Evolvability, i.e. the set of mechanisms that facilitate evolution, can be adaptive itself under conditions that require an increased rate of adaptation, e.g. under increasing environmental stochasticity and stress (Ishii et al. 1989; Wagner and Altenberg 1996; Kirschner and Gerhart 1998; Earl and Deem 2004; Kashtan et al. 2007; Lee and Gelembiuk 2008; Brookfield 2009; Whitacre and Bender 2010). One example is the evolution of mutation rates, which can lead to increased levels of genetic diversity and thus increased evolvability (Kimura 1967; Leigh Jr 1970; Leigh Jr 1973; Ishii et al. 1989; Sniegowski et al. 1997; Taddei et al. 1997; Metzgar and Wills 2000; Bedau and Packard 2003; Denamur and Matic 2006). In such a system a mutator gene codes for the rate of mutation at a second gene under selection. In this latter gene, the number of mutations can thus increase, generating more genetic variation for selection to act on, as such enabling adaptation to changing selection pressures (Kimura 1967; Leigh Jr 1970; Leigh Jr 1973; Taddei et al. 1997; Metzgar and Wills 2000; Sniegowski et al. 2000; Bedau and Packard 2003). During the colonization of a spatially heterogeneous environment, the mutation rate can therefore be expected to increase, by generating more genetic diversity and thereby enabling the local adaptation of recently established populations. In addition, in such a scenario of range expansion, iterated founder effects (Cobben et al. 2011) and increasing relatedness between individuals (Kubisch et al. 2013b) reduce local genetic diversity at the expansion front, while dispersal rates and invasion speed increase (Phillips et al. 2006; Phillips et al. 2010a). These combined conditions may lead to a further increased selection for high mutation rates. With the establishment of a stable range border, after range expansion, the selection pressures change and a return to lower mutation rates is expected.
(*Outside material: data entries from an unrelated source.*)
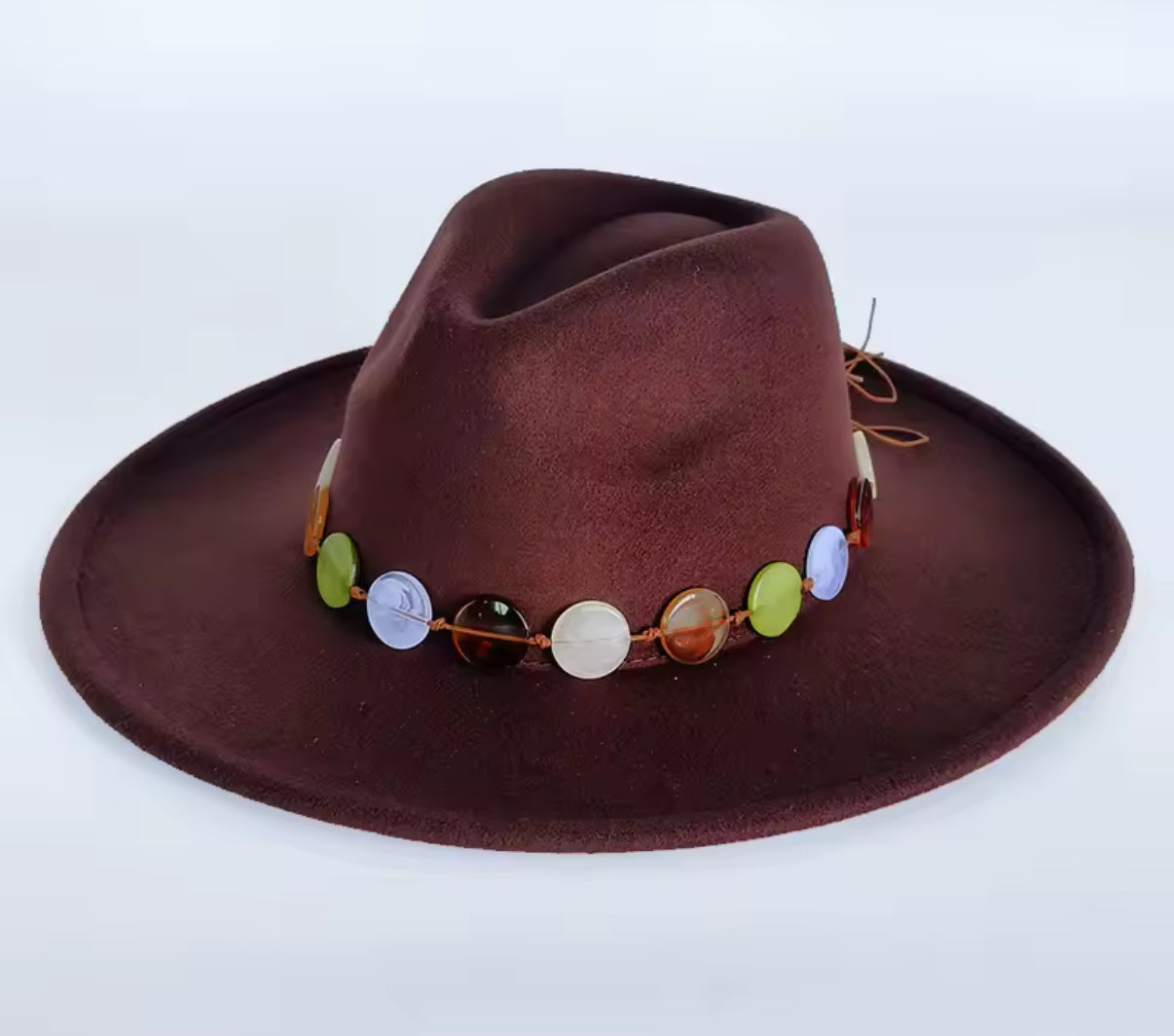 Wide Stiff Brim Fedora -With Button Accessory
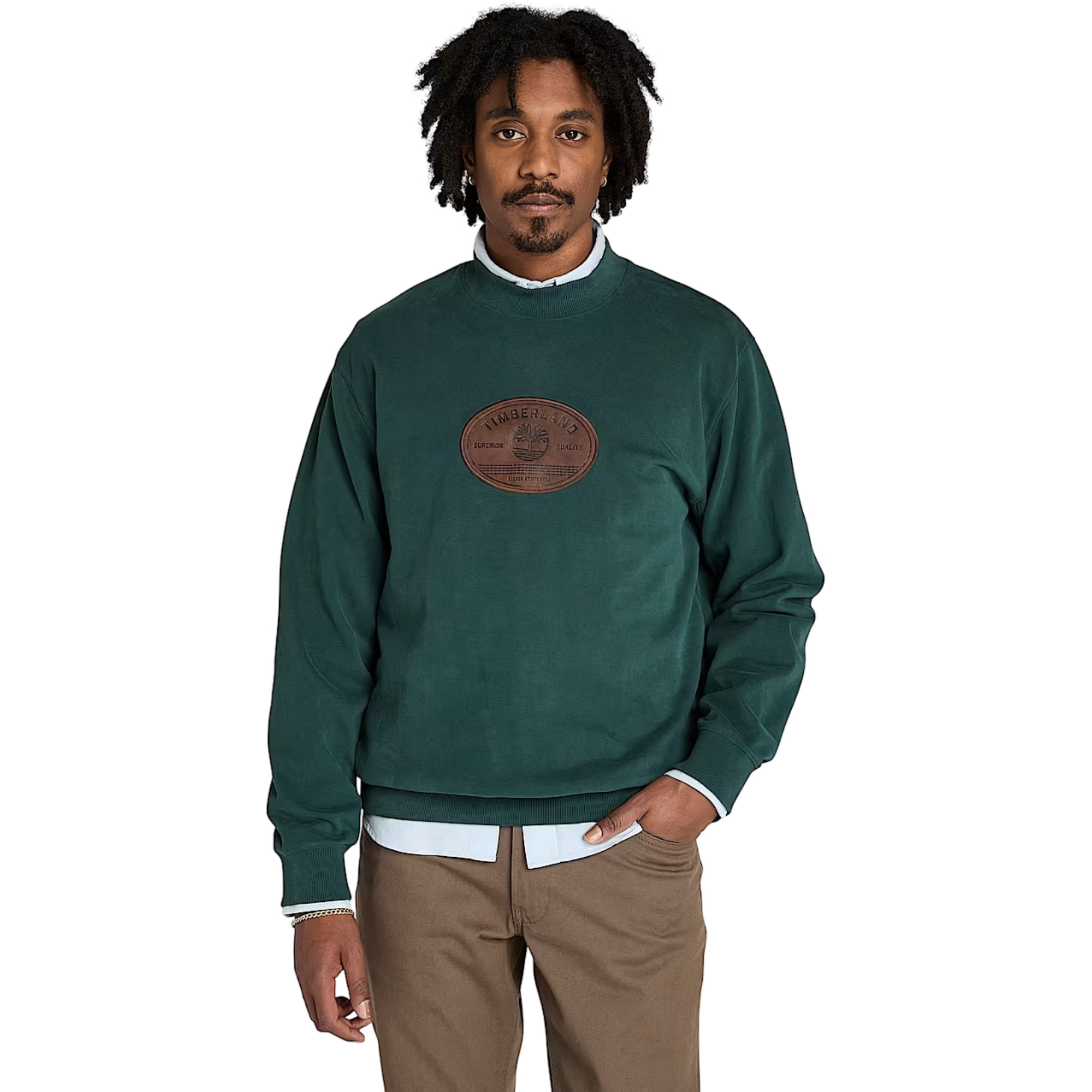 Timberland Men's Leather Badge Crew Sweatshirt - GREEN Thumbnail View 1
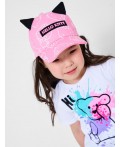 Кепка текстильная для девочек black, white, pink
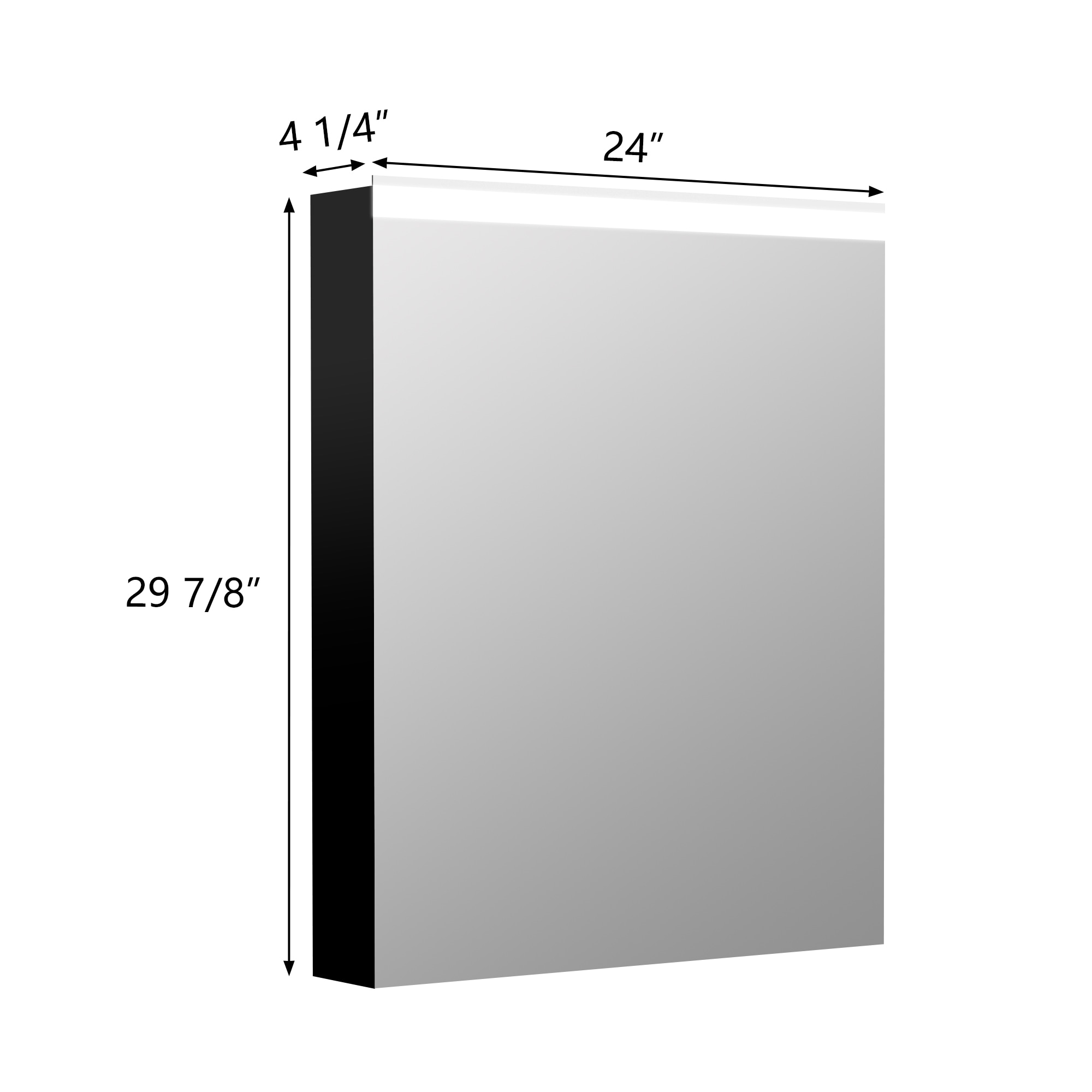 WELLFOR EX-2MC2430LBK Bathroom-Medicine-Cabinets - View #5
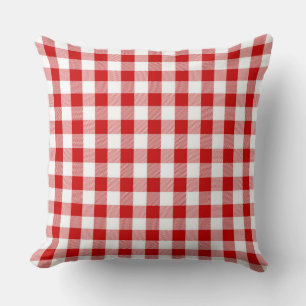 Oreiller à lancer classique rouge En vichy Motif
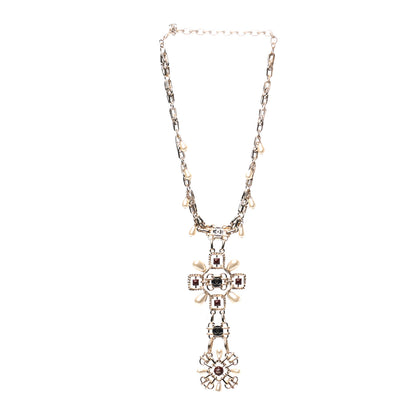 Chanel Metal Resin Bead Pearl CC Short Pendant Necklace Gold Multicolor 3 of 5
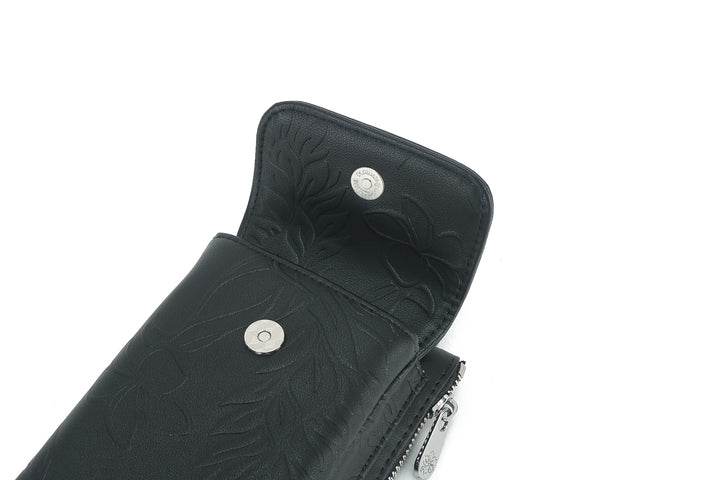 Crossbody Phone Wallet Anna Ginger Embossed Black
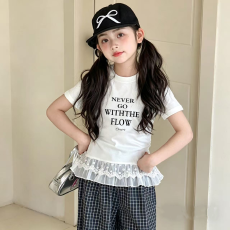 批发纯棉<b class='q'>女童</b>双蕾<b class='q'>丝</b>花边卡通印花T恤夏季新款中大童设计感上衣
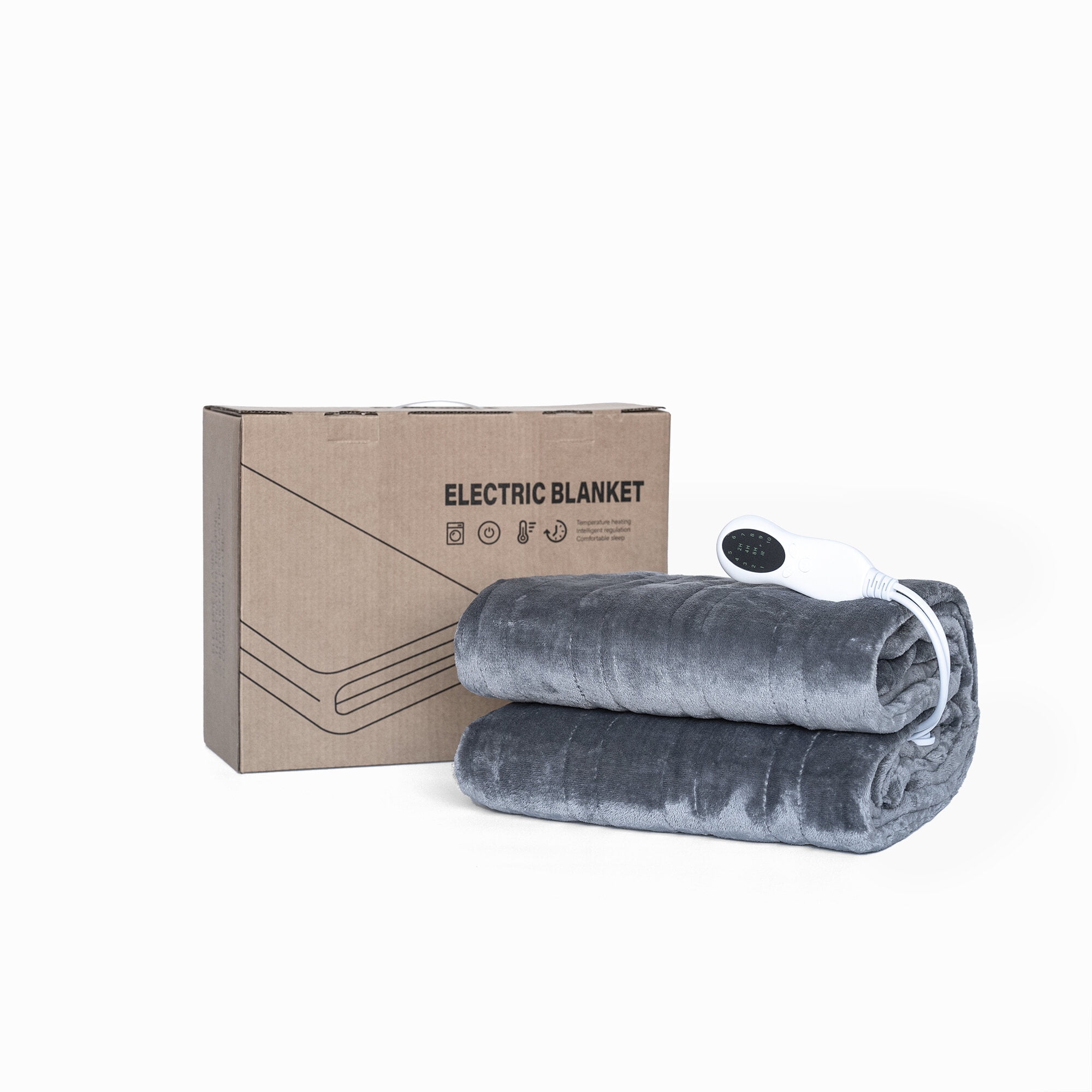 Allswell One Button Heated Oversized Throw 50x72 Grey - Walmart.com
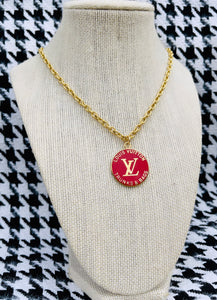 Repurposed Louis Vuitton Trunks & Bags Red & Gold Double Sided Charm Necklace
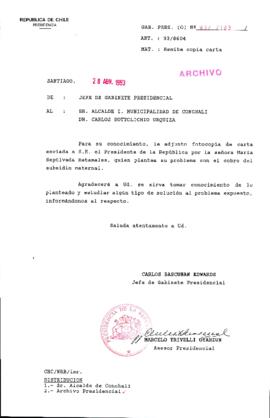 [Oficio  Gab. Pres. Ord. N° 2183 de Jefe de Gabinete Presidencial, remite copia de carta que se indica]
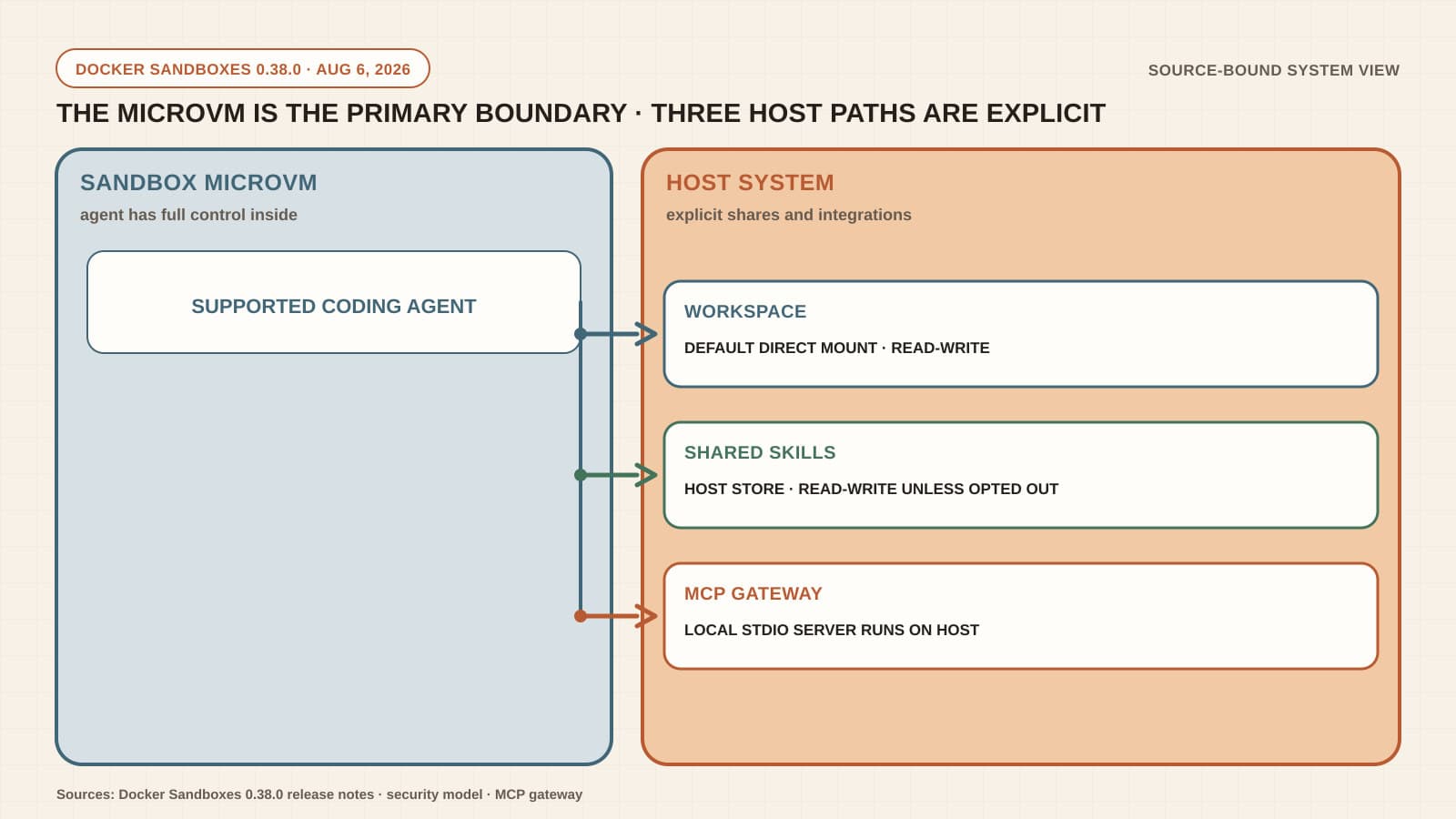 A diagram places a supported coding agent inside a Docker sandbox microVM and traces a default read-write workspace, shared host-side skills store, and MCP gateway to the host system.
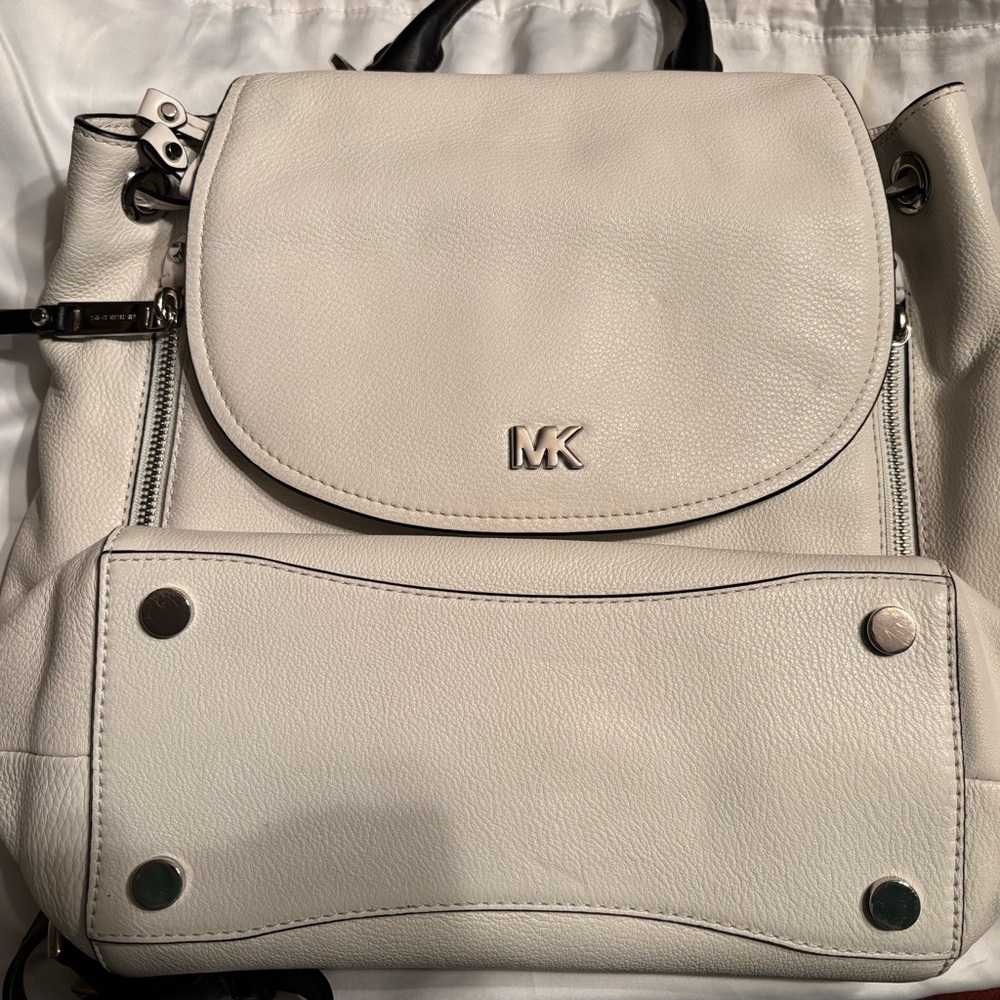 Michael Kors Cream Leather Backpack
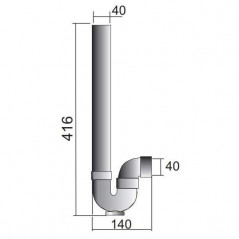 Einfacher horizontaler PVC-Siphon für Waschmaschine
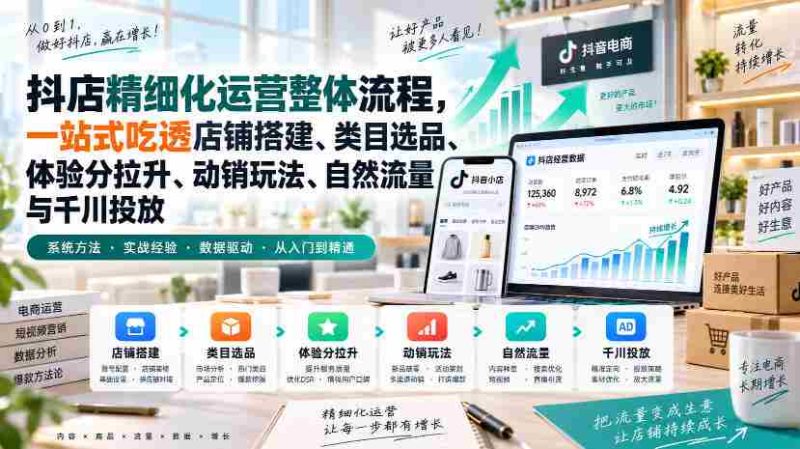 李哥电商-抖店精细化运营整体流程，一站式吃透店铺搭建、类目选品、体验分拉升、动销玩法、自然流量与千川投放-湘创网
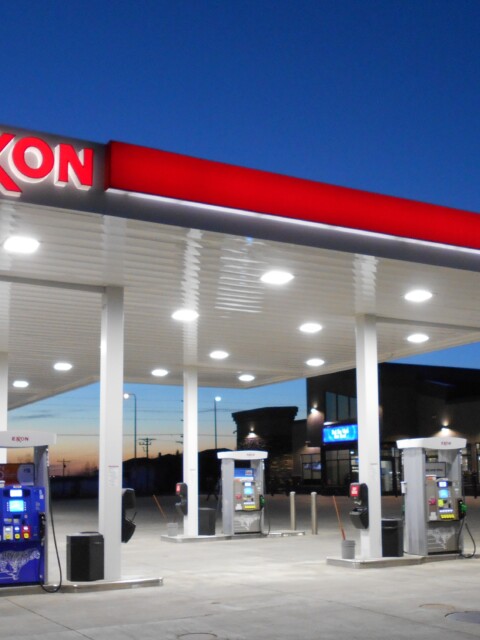 Gas station canopy built by TFC in Bismarck, ND.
In this study, we investigate 1) whether there is co-evolution between dispersal rates and mutation rates during range expansion, 2) how this affects the genetic diversity across the range, and 3) the evolutionary dynamics under spatial equilibrium after range border establishment. For this, we have simulated a range establishment of a sexual, diploid species on a spatial gradient in altitude, involving both a temporal gradient requiring local adaptation, and a gradient in habitat fragmentation, i.e. dispersal mortality, to secure the establishment of a stable range border.
The Model
We are using a spatially explicit individual-based metapopulation model of a sexually reproducing species with discrete generations distributed along an elevational gradient. The basic model has already been successfully applied in theoretical studies, mainly focused on dispersal evolution (Travis et al. 1999; Kubisch et al. 2010; Fronhofer et al. 2011; Kubisch et al. 2013a; Kubisch et al. 2013b) and was parameterized using empirical data (Poethke et al. 1996; Amler et al. 1999). For the current study we allow the mutation rate of local adaptation to be adaptive, and investigate its interplay with the evolution of dispersal rate during and after the range establishment on an elevational gradient.
Landscape
The simulated landscape consists of 250 columns (x-dimension) of 20 patches each (y-dimension). We assume wrapped borders, building a torus. Hence, if an individual leaves the world in y-direction during dispersal, it will reenter the simulated world on the opposite side. However, if it leaves the world in the x-direction, it is lost from the simulation. While most studies investigating range expansions across an environmental gradient, for the sake of simplicity focus on a single parameter changing along space, a typical elevational gradient is known to involve both a decreasing temperature and increasing habitat fragmentation (Körner and Paulsen 2004). Thus, in our model firstly every column of patches (x-position) is characterized by its specific abiotic habitat conditions τx. Throughout this manuscript, τx will be interpreted as ‘mean temperature’. This mean local temperature is used for the determination of local adaptation of individuals. To simulate a large-scale habitat gradient, x changes linearly from τx=1 = 0 to τx=250 = 0 along the x-dimension, i.e. by Δτ,x = 0.04 when moving one step in x-direction. Secondly, to account for habitat fragmentation in terms of patch isolation, each x-position is characterized by a certain degree of dispersal mortality. The probability to die upon emigration μ changes linearly from μx=1 = 0 to μx=250 = 1 along the x-dimension.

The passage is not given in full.